Pengadaan Rp 300 Triliun

Pada kesempatan itu, Heru mendapat informasi kalau pengadaan yang dibuka oleh SKK Migas bernilai jumbo, mencapai Rp 300 triliun.

"Ada juga di SKK Migas kami mendapatkan informasi yang cukup besar juga pengadaannya, informasinya mungkin ada plus minus ya, sekitar Rp 300 triliun, jumlah yang cukup besar," kata dia.

Dia berharap, potensi pengadaan ini bisa dimanfaatkan untuk menggunakan produk lokal. Tentunya, hal ini sejalan dengan amanat Presiden Joko Widodo (Jokowi) untuk meningkatkan penggunaan produk dalam negeri.

"Terus terang kami sangat mengapresiasi apa yang sudah dilakukan SKK Migas karena merupakan bagian dari kewajiban bapak ibu gang terlibat di dalam project migas ini juga menggunakan produk-produk dalam negeri," paparnya.

3 dari 4 halaman

Pipa Industri Migas Masih Banyak Impor

Sebelumnya, Kementerian Koordinator Bidang Kemaritiman dan Investasi mencatat masih banyak impor yang dilakukan dalam pemenuhan kebutuhan pipa di industri minyak dan gas bumi (migas). Ini tercatat dari tren impor-ekspor untuk komoditas tersebut.
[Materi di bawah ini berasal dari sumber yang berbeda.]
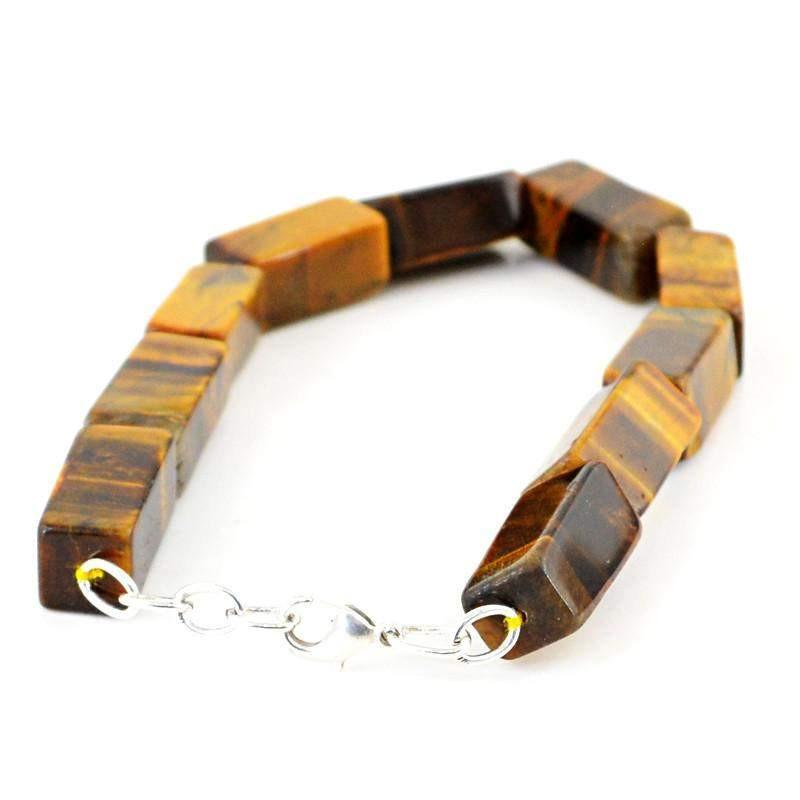 gemsmore:Untreated Natural Golden Tiger Eye Bracelet Rectangular Shape Beads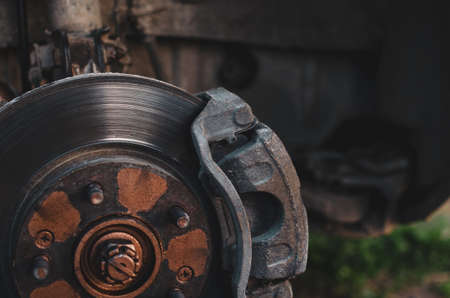 repair car part brakes in home garageの写真素材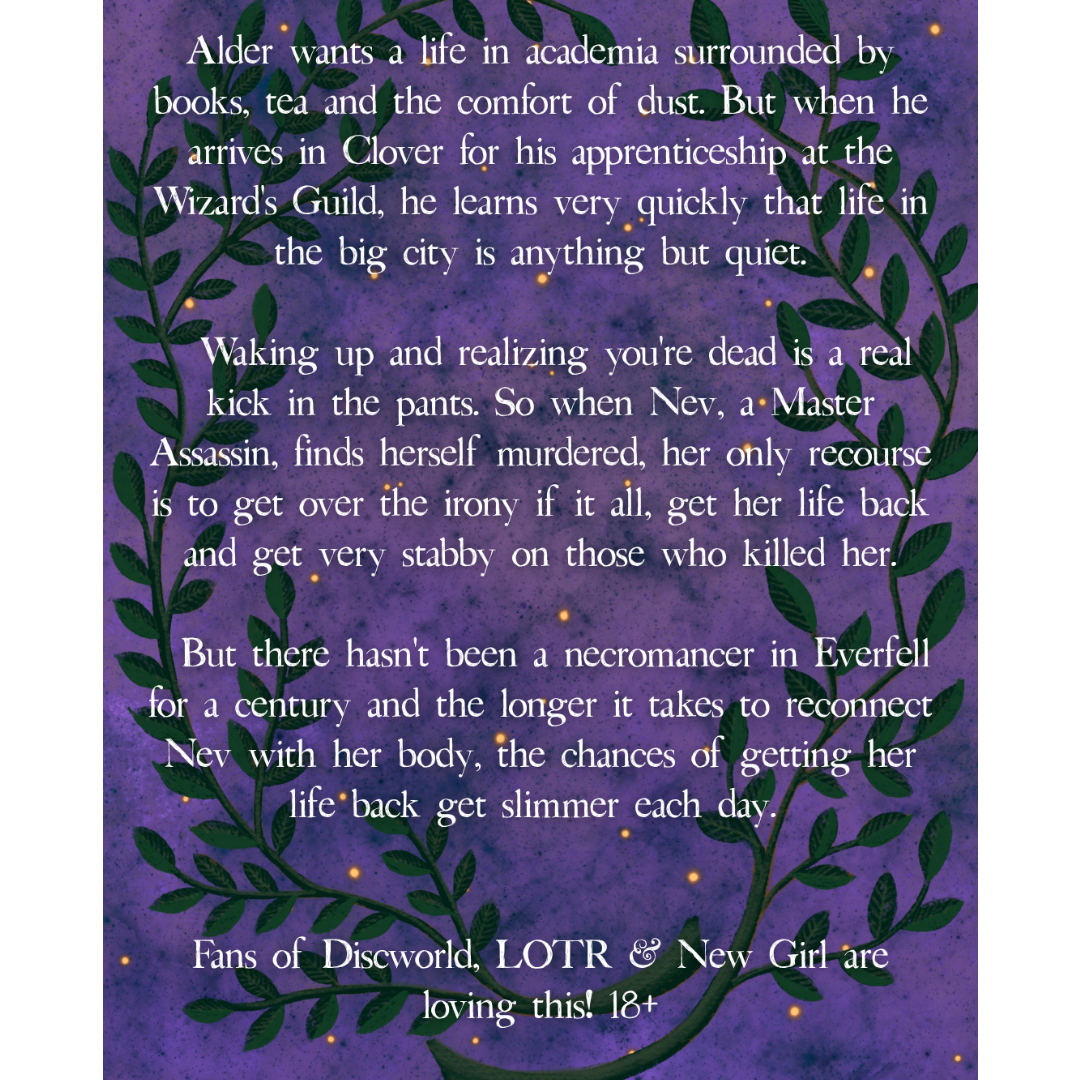 A square book cover featuring a purple background with a dark green leafy border and small yellow stars. White fantasy text is printed across the cover, with the title 'Alder Wants a Life in Academia' at the top and a tagline at the bottom reading 'Fans of Discworld, LOTR & New Girl are loving this 18+'.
Asisten Deputi Bidang Industei Maritim dan Trasnportasi, Kemenko Marves, Firdaus Manti mencatat ada 16 produsen yang memproduksi komoditas Oil Country Tubular Goods (OCTG). Dari situ, tingkat komponen dalam negeri (TKDN) bervariasi, mulai dari 15-50 persen.

Rinciannya, TKDN untuk casing masih berkisar 15-47 persen, sedangkan piping masih 15-47 persen, serta untuk accessories sebesar 15-50 persen.

"Disini memang kami pemerintah meminta para produsen untuk mensertifikatkan produknya sehingga dapat mengoptimalkan penggunaan produknya pada penggunaan barang dan jasa," ujar Firdaus dalam Supply Chain and National Capacity Summit 2024, di JCC Senayan, Jakarta, Kamis (15/8/2024).

Dia mencatat beberapa sektor yang menyerap produk OCTG tersebut. Ternyata, para pengusaha Kontraktor Kontrak Kerja Sama (KKKS) masih cukup banyak melakukan impor OCTG.

"Untuk KKKS ini masih melakukam importasi sebesar 400 ribu ton produk komoditas OCTG," kata dia.

4 dari 4 halaman

Impor 2023 Masih Tinggi

Firdaus juga melihat pada tren beberapa tahun kebelakang yang menunjukkan banyaknya impor komoditas OCTG. Pada 2023, jumlah impornya tercatat sebesar 201.731 ton. Sedangka ekspornya hanya 70.210 ton.

"Kalau dilihat dari tren ekspor impor komoditas OCTG ini dari tahun 2018 sampai 2023, drill pipe untuk kode HS sekian dan casing tubing jumlah impornya masih lebih besar," ungkapnya.

"Nah untuk 2023 juta lonjakannya masih cukup besar importasi dibandingkan dengan ekspornya," sambung Firdaus.

Jika melihat pada beban biaya OCTG, porsi material mencakup 75,12 persen dari total dengan TKDN hanya 5,80 persen. Sedangkan, porsi lainnya seperti tenaga kerja, alat kerja, dan jasa umumnya mencapai TKDN tinggi dengan keseluruhan di atas 75 persen.